Earlier this year, Alfred V. Aho, a longtime Columbia professor of computer science, and Jeffrey D. Ullman ’63SEAS, a Columbia Engineering alum and Stanford computer-science professor, won the A. M. Turing Award, which is often called the Nobel Prize of computing.
Frequent collaborators since the late 1960s, when they worked together at Bell Labs, Aho and Ullman developed many of the theoretical concepts and algorithms underlying modern computer science. Virtually all software programs now used in the world — including those in our smartphones and automobiles and in Internet companies’ giant servers — rely on computing technologies pioneered by Aho and Ullman. The pair also coauthored a number of influential computer-science textbooks that remain widely read by students and software developers today.

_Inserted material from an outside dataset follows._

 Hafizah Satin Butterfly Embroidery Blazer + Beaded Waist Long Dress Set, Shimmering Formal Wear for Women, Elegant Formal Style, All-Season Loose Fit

Aho and Ullman both earned their PhDs at Princeton before joining Bell Labs in 1967. Ullman (who had earned his bachelor’s degree at Columbia) began a career in academia two years later, ultimately joining the faculty of Stanford, while Aho remained at Bell Labs until coming to Columbia in 1995. Despite working at different institutions, Aho and Ullman continued to conduct research together for several decades, coauthoring nine books and dozens of scientific papers.
Aho, who is the Lawrence Gussman Professor Emeritus of Computer Science at Columbia Engineering, and Ullman, who is the Stanford W. Ascherman Professor Emeritus of Computer Science at Stanford, have both received multiple awards for teaching excellence.
The Turing Award, which is administered by the international Association for Computing Machinery, carries a $1 million prize supported by Google. It is named for the British mathematician and computer scientist Alan M. Turing, who helped the Allies decipher the German Enigma code during World War II.